MOF-Derived Bifunctional Cu3P Nanoparticles Coated by a N,P-Codoped Carbon Shell for Hydrogen Evolution and Oxygen Reduction

Metal-organic frameworks (MOFs) have recently emerged as a type of uniformly and periodically atom-distributed precursor and efficient self-sacrificial template to fabricate hierarchical porous-carbon-related nanostructured functional materials. For the first time, a Cu-based MOF, i.e., Cu-NPMOF is used, whose linkers contain nitrogen and phosphorus heteroatoms, as a single precursor and template to prepare novel Cu3P nanoparticles (NPs) coated by a N,P-codoped carbon shell that is extended to a hierarchical porous carbon matrix with identical uniform N and P doping (termed Cu3P@NPPC) as an electrocatalyst.
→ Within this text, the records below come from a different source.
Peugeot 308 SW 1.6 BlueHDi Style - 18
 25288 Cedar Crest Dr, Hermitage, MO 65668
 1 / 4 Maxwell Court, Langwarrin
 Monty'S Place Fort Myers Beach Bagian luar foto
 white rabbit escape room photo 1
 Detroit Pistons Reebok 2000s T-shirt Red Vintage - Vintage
Cu3P@NPPC demonstrates outstanding activity for both the hydrogen evolution and oxygen reduction reaction, representing the first example of a Cu3P-based bifunctional catalyst for energy-conversion reactions. The high performances are ascribed to the high specific surface area, the synergistic effects of the Cu3P NPs with intrinsic activity, the protection of the carbon shell, and the hierarchical porous carbon matrix doped by multiheteroatoms. This strategy of using a diverse MOF as a structural and compositional material to create a new multifunctional composite/hybrid may expand the opportunities to explore highly efficient and robust non-noble-metal catalysts for energy-conversion reactions.